Data shown:
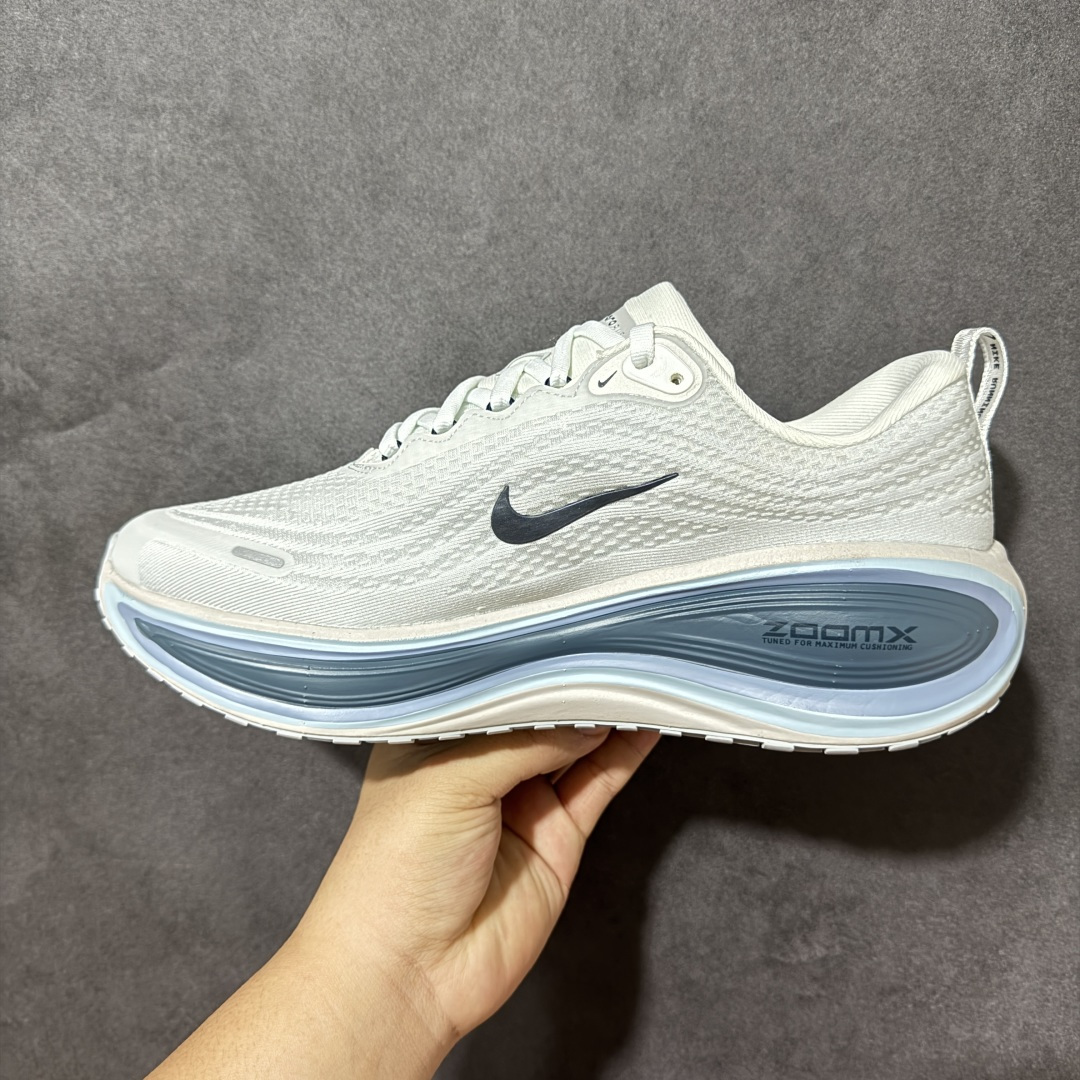 Nike Air Zoom Vomero Plus 登月网面厚底气垫跑鞋 货号：HV8150-111 尺码：36-46带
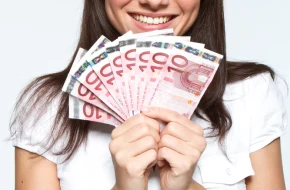 Poniedziałek na Forex: kursy walut blisko piątkowego zamknięcia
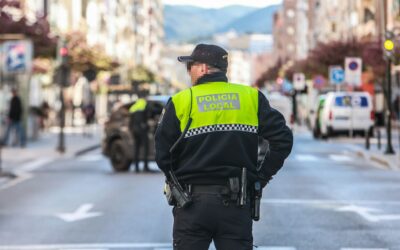El número de denuncias impuestas por la Policía Local de Elda ha aumentado un 35% desde la aprobación de la nueva Ordenanza Municipal de de Civismo y Convivencia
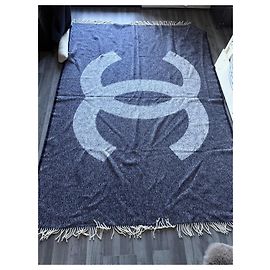 Cobertor Chanel em Lã e Seda Azul marinho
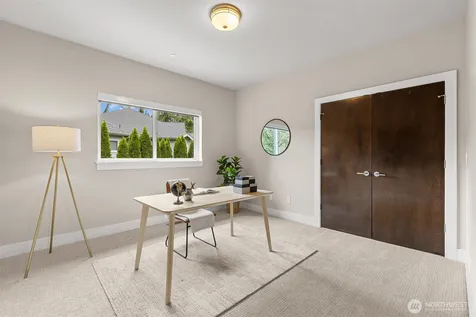 16323 NE 44th Court Redmond WA 98052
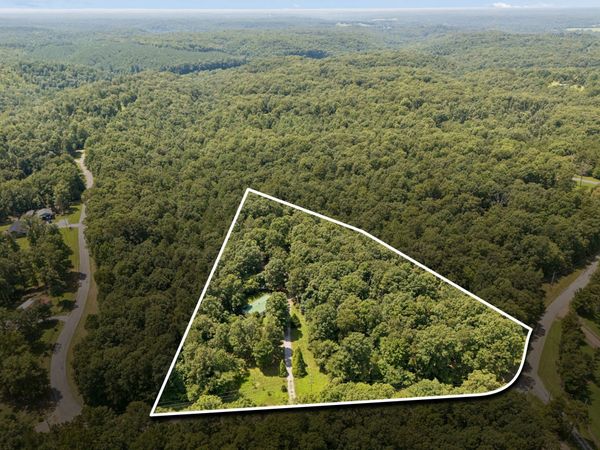 12007 Woodland Trl , Nunnelly, TN 37137
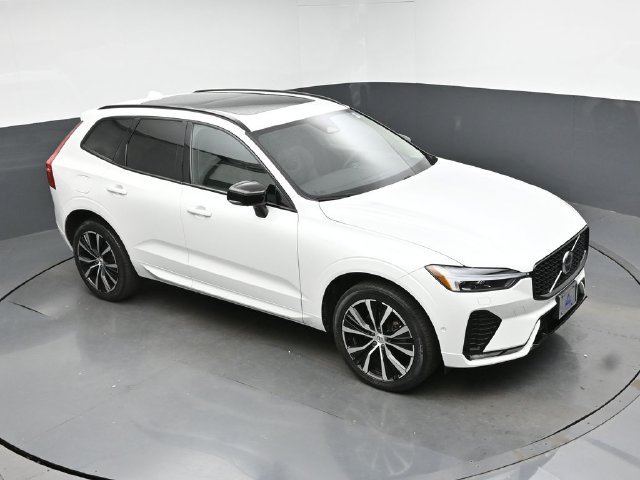 Used 2024 Volvo XC60 B5 Plus w/ Protection Package Premier AWD/4WD image 39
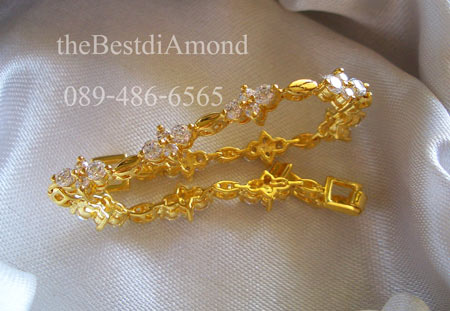 BC008===สร้อยข้อมือเพชรรูปดอกจิกรอบวง=== ดีไซน์น่ารักๆ เป็นรูปดอกไม้ คั่นด้วยทองที่ออกแบบเป็นปล้องๆ ดูลงตัว งานเหมือนจริงสุดๆ หรูหราพอสมควร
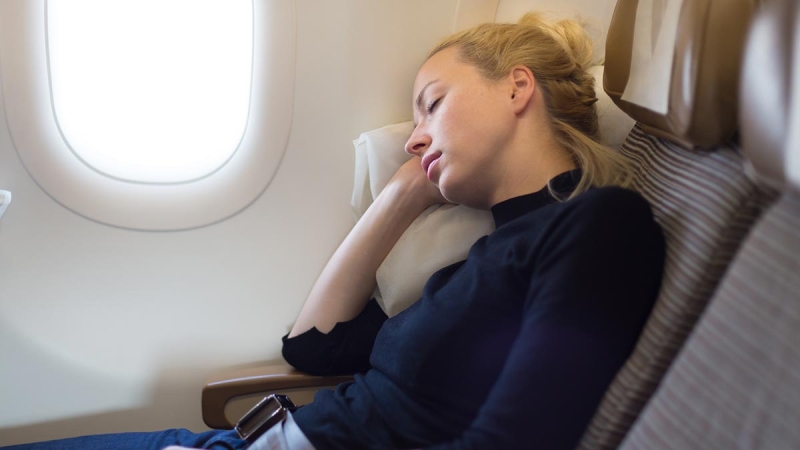 Отпуск-2022: 5 простых способов, которые помогут уснуть в самолете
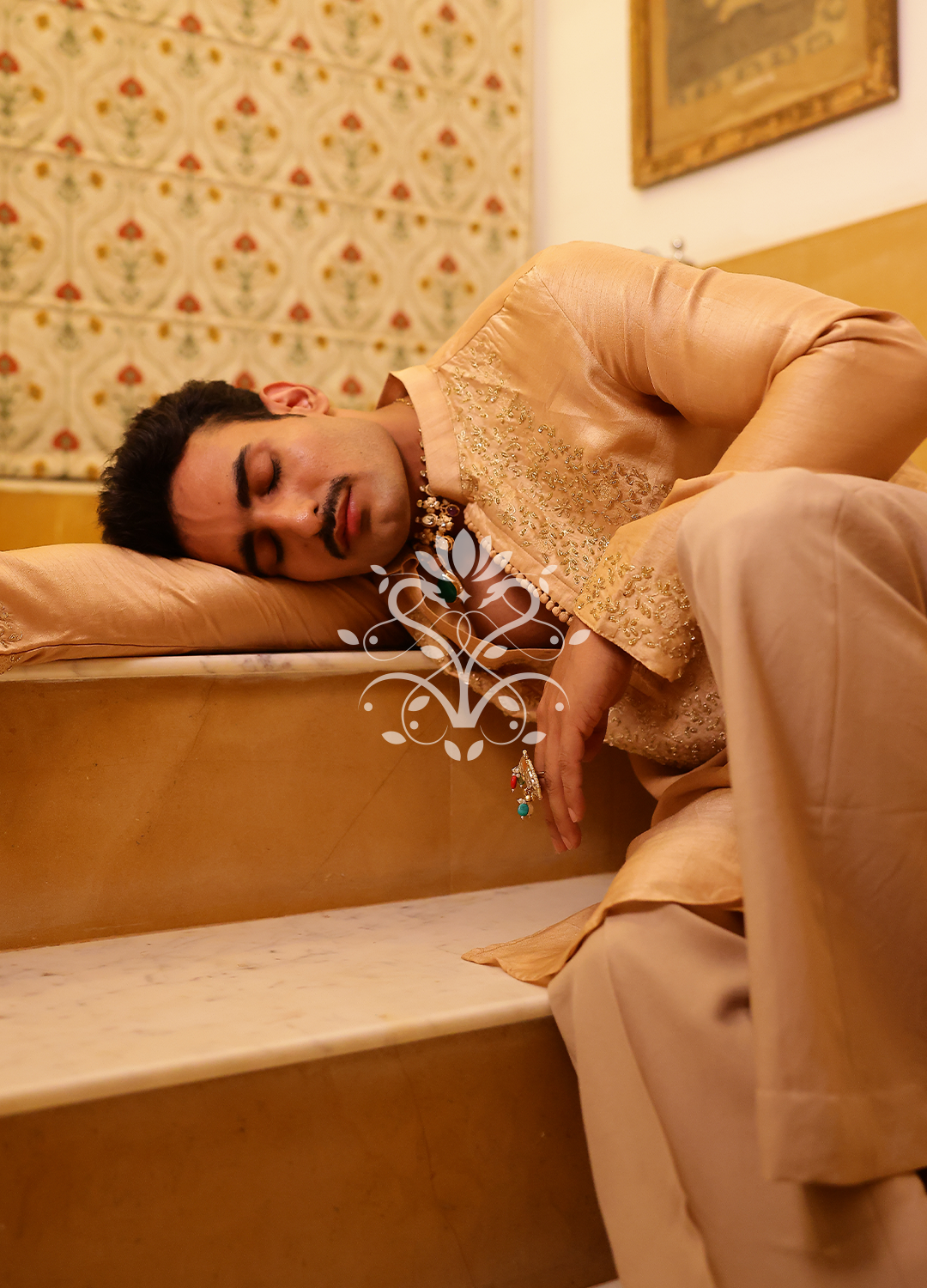 A touch of royalty, woven in threadwork.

Task objective: Each line from the first line of the material above through the line containing "Cobertor Chanel em Lã e Seda Azul marinho" is to be reproduced exactly, with both ends kept and pictures left out.

Reply:
 Nike Air Zoom Vomero Plus 登月网面厚底气垫跑鞋 货号：HV8150-111 尺码：36-46带
 Poniedziałek na Forex: kursy walut blisko piątkowego zamknięcia
El número de denuncias impuestas por la Policía Local de Elda ha aumentado un 35% desde la aprobación de la nueva Ordenanza Municipal de de Civismo y Convivencia
 Cobertor Chanel em Lã e Seda Azul marinho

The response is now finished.